If the Red Sox are still looking outside the organization to improve their rotation, their options are quite limited, and the number could shrink by the day. Mike Clevinger, Michael Lorenzen, Hyun Jin Ryu are the best starters that remain on the market. And with Sox pitchers and catchers set to report on Feb. 14, Boston needs to make a choice, fast.

Winter Weekend, the Red Sox's winter fan festival, has left a lot of their options up in the air. Garrett Whitlock's huge physical transformation — which has drawn him comparisons to Jon Lester — could put him at a better place to take on the responsibilities of a starting pitcher. This is Whitlock's first healthy offseason in five years, and with adequate time to prepare, he could slot into the starting rotation nicely.

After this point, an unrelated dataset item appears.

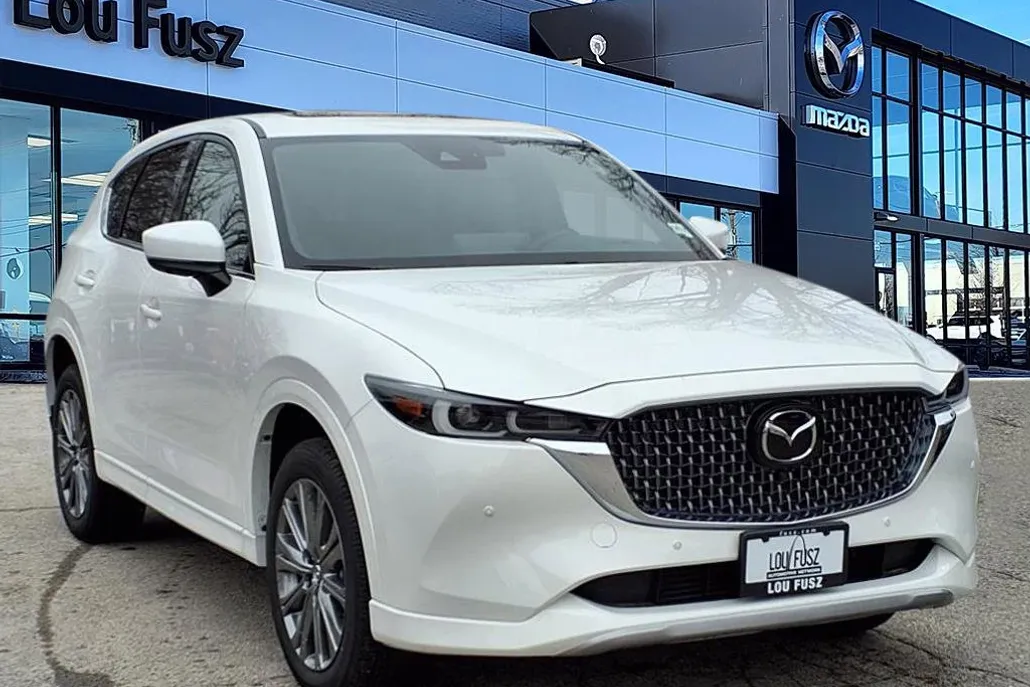 2025 Mazda CX-5 2.5 Turbo Signature photo 1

Not as nicely as a true starter would. But good enough for the Sox this year.

The Dodgers are signing former Red Sox pitcher James Paxton

The Whitlock-Nick-Pivetta starting plan isn't necessary, though. Boston could've brought Paxton back for another year and stayed under the first luxury tax threshold if he was willing to accept the same deal from the Red Sox that he's likely to take from the Dodgers.

But a lot of players probably aren't willing to do so. In their current state, the Red Sox will be lucky to sniff the playoffs — they're coming off two straight last-place seasons in the most competitive division in baseball.

The Dodgers are a different story. They're tired of being booted in the early rounds of the playoffs or losing the World Series. Los Angeles pursued the highest quality talent the free agent market had to offer and brought nearly every top option to its squad.

Any player would accept a reasonable deal from the Dodgers at this point. The chance to play with generational talent on an almost definitely playoff-bound team is too good to pass up, even with a huge offer from the Sox on the table.

The Red Sox wouldn't make a huge offer and there's quite little star power on this current roster. Boston will continue to lose free agents to other, more desirable clubs if it doesn't make a change soon.